Unica condizione: crederci , puntando a gestirla e ricominciando a investire. A questo riguardo i segnali stanno migliorando rispetto al passato. Le stime per una ripresa del mercato Ict nel 2015 si fanno sempre più solide e si accompagnano ad altri segnali favorevoli che non dovrebbero essere ignorati, come Assinform e Confindustria Digitale non si stancano di ripetere. Il primo riguarda l’attesa continuità della crescita dei mercati a più alta capacità innovativa – cloud, social, big e open data, mobilità, e-payments, Iot, smart community, ecc. – che dà conto della scelta dei principali settori d’utenza di investire in innovazione digitale. Il secondo è che anche lo stesso settore Ict ha iniziato, pur fra non poche difficoltà, ad evolvere di conseguenza. Già lo si vedeva dai dati Istat diffusi lo scorso giugno. Questi non si limitavano a mostrare il ridimensionamento per numero di imprese e occupati dei comparti ove si concentrano le attività più tradizionali, ma facevano notare già per il 2013 (ultimo anno disponibile) un promettente rallentamento delle dinamiche più critiche sulla spinta dei settori emergenti; settori cui molte aziende Ict, anche se non tutte, si stanno riconvertendo. In queste settimane si è avuta la conferma che qualcosa di vitale sta avvenendo. Secondo i dati Unioncamere-Movimprese, nel 2014 il numero di imprese di servizi Ict, considerando il saldo tra imprese create e cessate, è aumentato di 2.824 unità, e nel 1°trimestre 2015 è aumentato di altre 534 unità.

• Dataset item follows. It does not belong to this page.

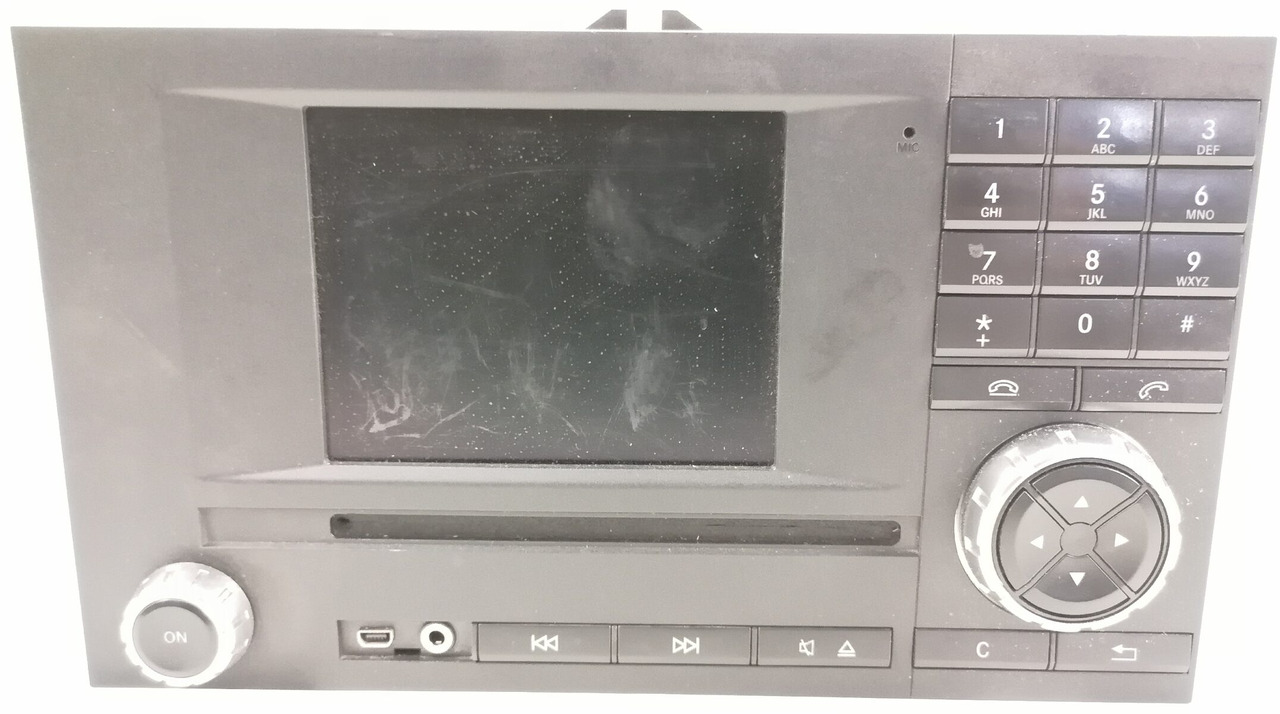 Mercedes-Benz Raadio A0004467662 - Електрична система в категорії Вантажівки: фото 2 Mercedes-Benz Raadio A0004467662 - Електрична система в категорії Вантажівки: фото 2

E anche il dato sulle startup innovative censite da Unioncamere, risulta da aggiornare in positivo: 4.200 a luglio 2015 contro le 3.500 di fine 2014. Sono davvero segnali positivi, che danno conto di potenzialità reali e di energie spontanee che non devono andare disperse. È in questo contesto che Assinform e Confindustria Digitale chiedono di agire, ponendo attenzione ad aspetti già impliciti nelle sette priorità indicate: l’execution, che poi vuol dire fare ciò che si promette; credere nelle startup innovative, creando le condizioni perché esse crescano e si facciano portatrici di innovazione anche presso le grandi imprese già affermate. Non deve più succedere che il 40% delle startup Ict di successo se ne vada all’estero.